Für die Grünen ist ein nominell starkes Ergebnis in Hamburg herausgesprungen. Sie sind nach den Stimmengewinnen Wahlsieger. Sie hatten allerdings auch den Anspruch, die Erste Bürgermeisterin zu stellen. Das ist klar gescheitert. Eindeutiger Wahlsieger, trotz Stimmenverlusten, ist der in Oldenburg aufgewachsene Peter Tschentscher, der mit einem unprätentiösen Politikstil und nachweisbaren Erfolgen beim Wohnungsbau Vertrauen aufbaute. Und die Wähler maßen der SPD sogar die Kompetenz zu, die Verkehrsprobleme der Hansestadt zu lösen – noch vor den Grünen.

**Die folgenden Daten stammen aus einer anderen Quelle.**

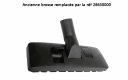 28631130 - BROSSE UNIVERSELLE COMBINE = 28630000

Wie viel Hamburg nutzt der SPD im Bund? Nach einer gewonnenen Wahl sind erstaunlicherweise auch jenseits der Ländergrenzen alle Sieger. Aber Erfolge helfen dem Selbstbild und dem Image. Und nach einer Serie von Pleiten und Rückschlägen darf die SPD wieder Zuversicht fassen: Die SPD kann noch Ergebnisse über 30 Prozent einfahren. In drei norddeutschen Ländern stellt sie den Ministerpräsidenten. Die Zuversicht wird freilich durch das Wissen getrübt, dass die Krise nun bei der anderen großen Volkspartei angekommen ist und die genauso kopflos agiert wie einst die SPD im Wahljahr 2017.